For instance, for the first time in the NFIB’s history, they will be taking a position against a Supreme Court nominee. In fact, it’s the first time in their history that they’ve taken any position, positive or negative, on a Supreme Court nominee.

Juanita Duggan, President and CEO of the NFIB, said they’re making their position known because “in 16 major labor decisions of Judge Garland’s that we examined, he ruled 16-0 in favor of the NLRB.” It’s apparent that Judge Garland’s mind was made up long ago. It’s clear that he’ll consistently favor Big Labor over the Constitution.

The term moderate isn’t relevant when talking about judges. You either interpret laws based on the plain language of the Constitution or you don’t. My thought is that moderate judges don’t exist except in newspapers like the NY Times, the Washington Post or the LA Times. Then there’s this:

“If the late Justice Antonin Scalia, a staunch conservative, is replaced by a moderate-to-liberal Justice Garland, the court would tip to the left on several key issues, like abortion, affirmative action, the death penalty, gun control, campaign spending, immigration and environmental protection.”

In other words, the very same author who describes Garland as a centrist believes that Garland votes left on essentially every major issue confronting the nation and the Supreme Court.

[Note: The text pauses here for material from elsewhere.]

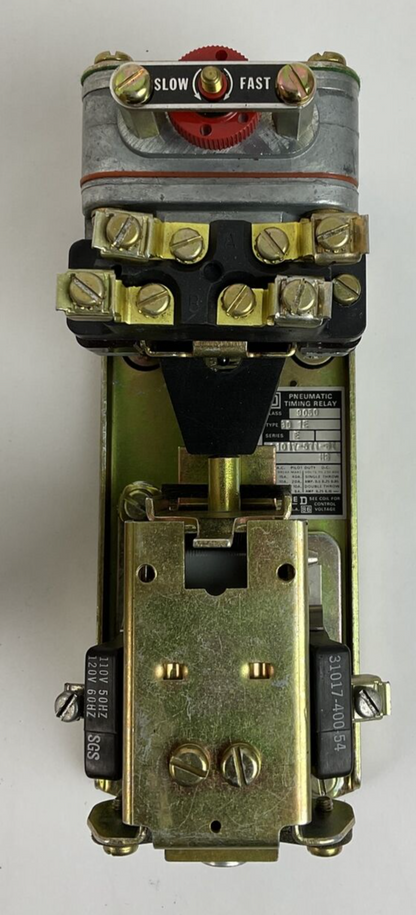 SQUARE D 9050 B0-1E TIMING RELAY SER.E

Based on this information and the Times’ description of Judge Garland, we should assume that centrist/moderate judges agree with liberals on “abortion, affirmative action, the death penalty, gun control, campaign spending, immigration and environmental protection.” I can’t wait to hear how that’s dramatically different than liberal justices like Sotomayor or Ginsberg.

Republicans should reject Garland. They shouldn’t give him a hearing. They shouldn’t give him a vote on the Senate floor. They give him a Reid-like pocket veto while explaining why Garland is a creature of the left and while highlighting how dishonest the Democrats are in calling Garland a centrist.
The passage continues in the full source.